◆ **DESCRIPTION OF THE TASK**
Within the entries below, please return exactly the lines from the one with "Radradlinien-Symbol Transport-Automobilsymbol - Viereckiger" through the one with "Anthropologie Unisex Med", leaving out any pictures.

◆ **DATA RECORDS**
►

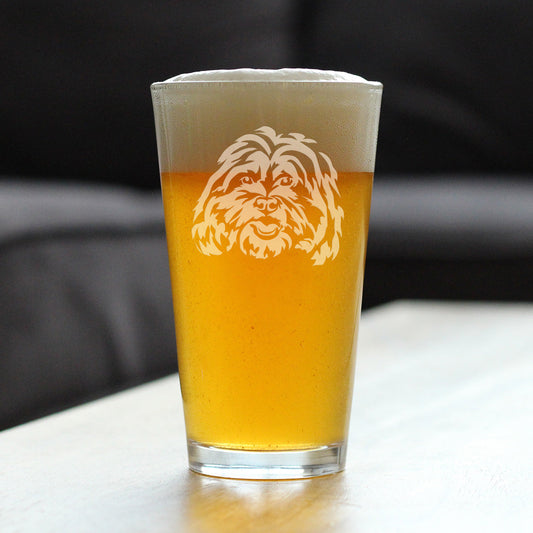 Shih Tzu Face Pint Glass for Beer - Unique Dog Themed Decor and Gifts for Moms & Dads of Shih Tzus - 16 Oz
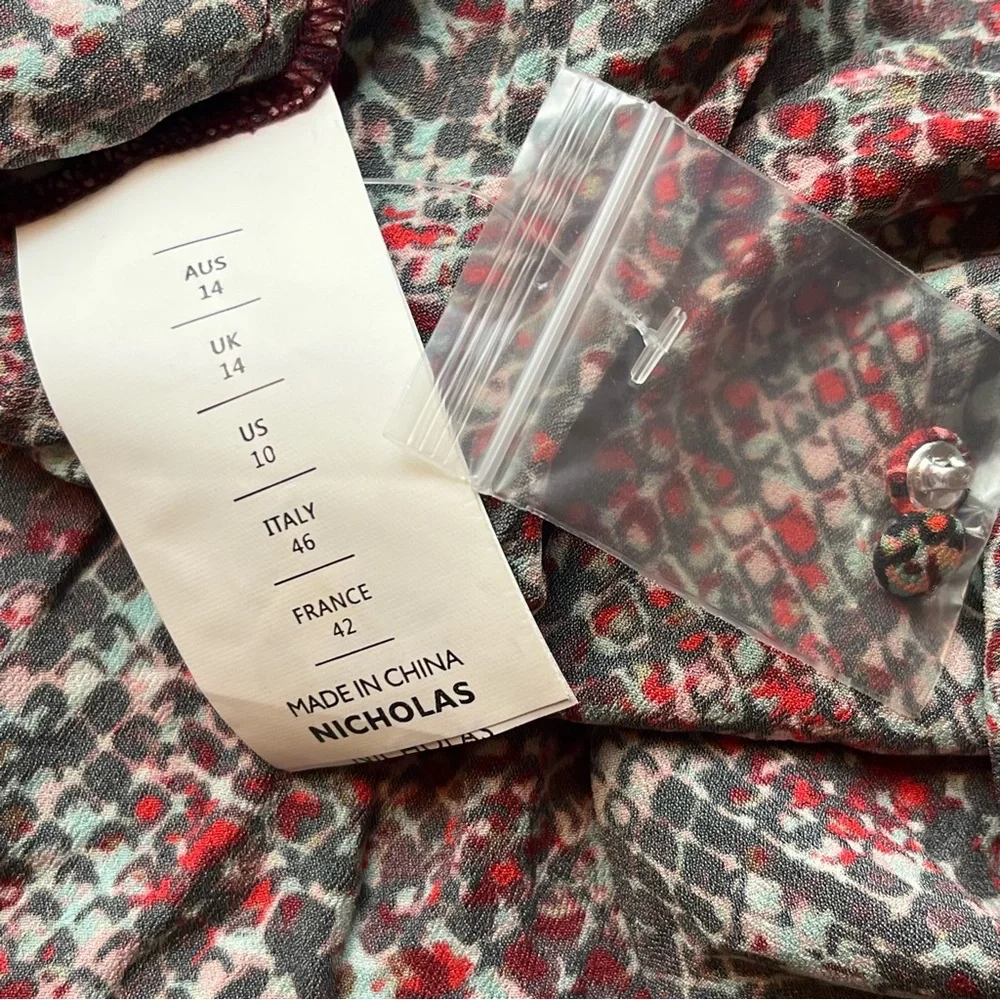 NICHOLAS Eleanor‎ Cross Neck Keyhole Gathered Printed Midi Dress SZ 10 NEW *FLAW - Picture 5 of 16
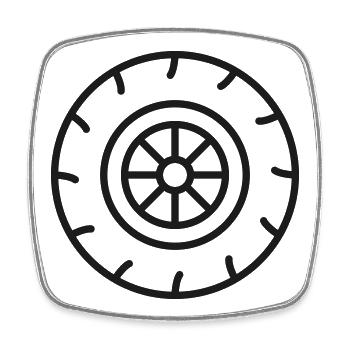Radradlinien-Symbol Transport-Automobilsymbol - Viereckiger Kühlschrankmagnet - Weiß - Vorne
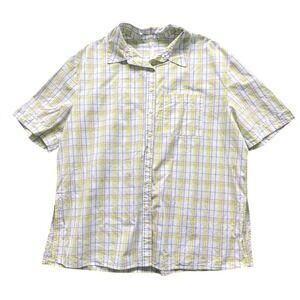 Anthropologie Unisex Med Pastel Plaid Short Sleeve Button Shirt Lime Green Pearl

◄
►

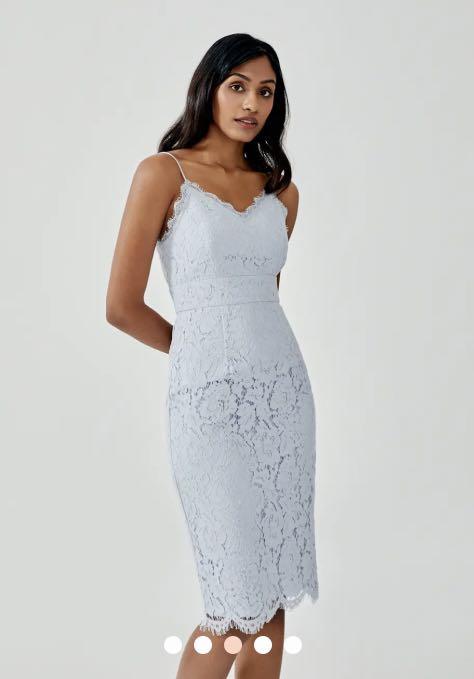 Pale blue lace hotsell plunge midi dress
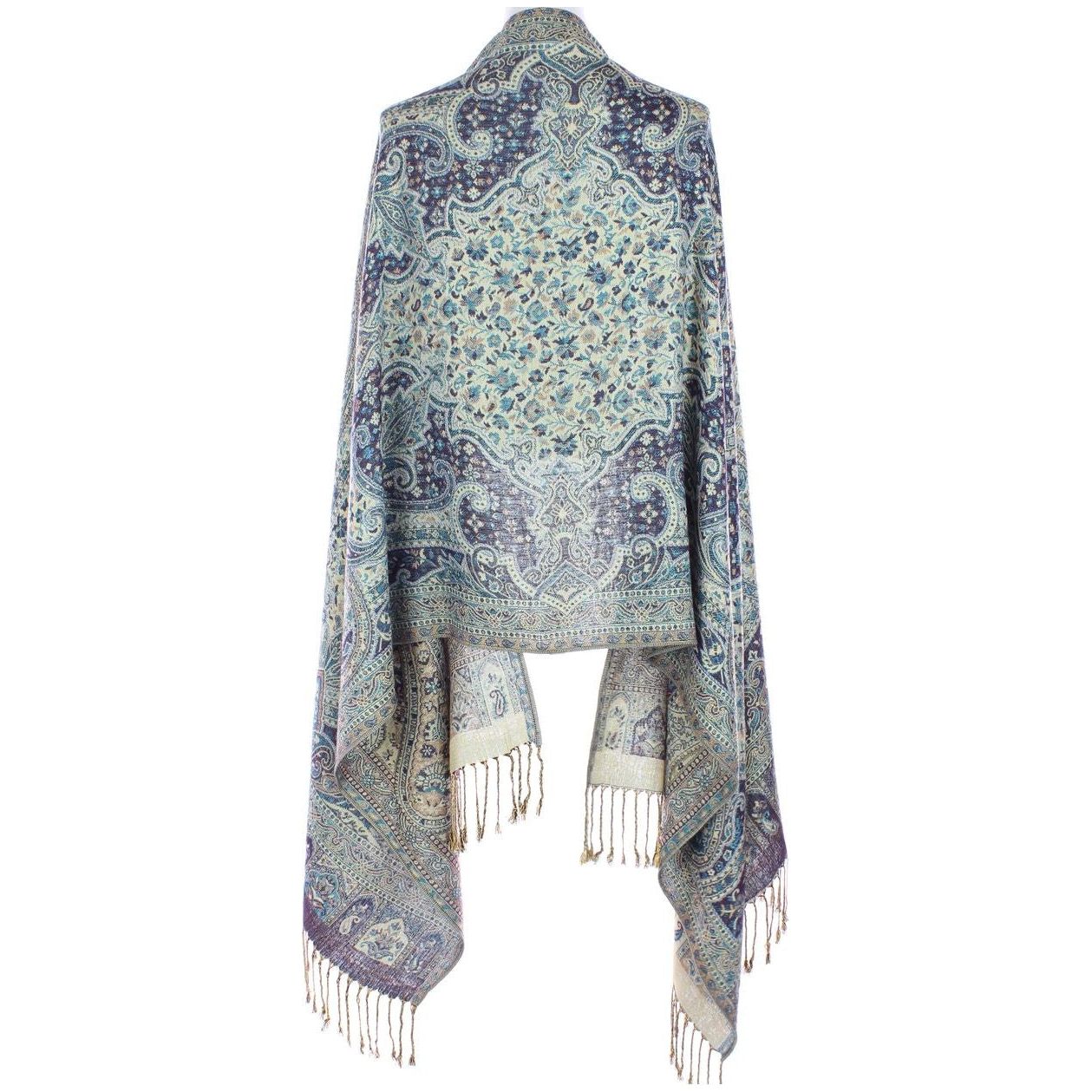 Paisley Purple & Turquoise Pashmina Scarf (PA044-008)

◄
►

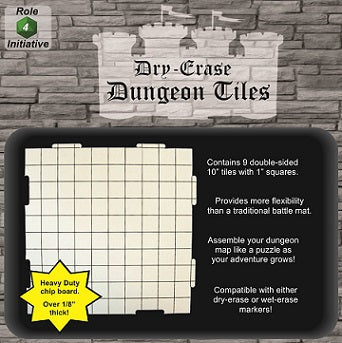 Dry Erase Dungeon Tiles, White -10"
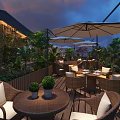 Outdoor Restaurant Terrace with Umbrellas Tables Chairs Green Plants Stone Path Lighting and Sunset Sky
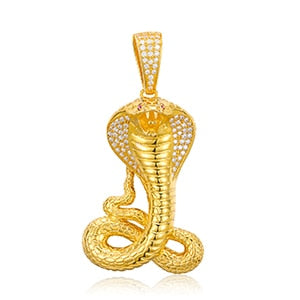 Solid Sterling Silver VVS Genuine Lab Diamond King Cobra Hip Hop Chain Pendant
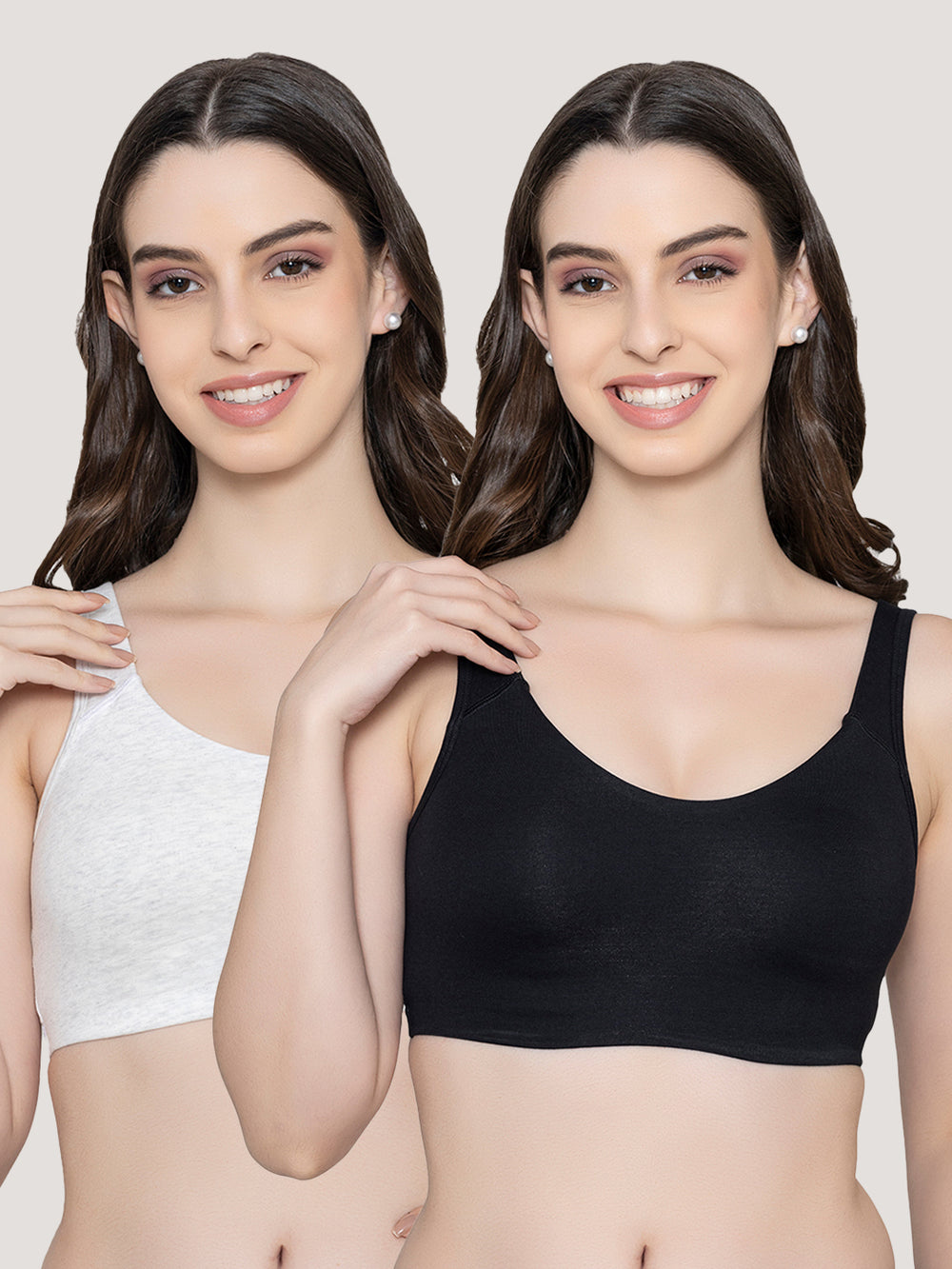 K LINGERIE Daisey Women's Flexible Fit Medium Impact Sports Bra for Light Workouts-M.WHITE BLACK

◄

◆ **ANSWER SPACE**
Radradlinien-Symbol Transport-Automobilsymbol - Viereckiger Kühlschrankmagnet - Weiß - Vorne
 Anthropologie Unisex Med Pastel Plaid Short Sleeve Button Shirt Lime Green Pearl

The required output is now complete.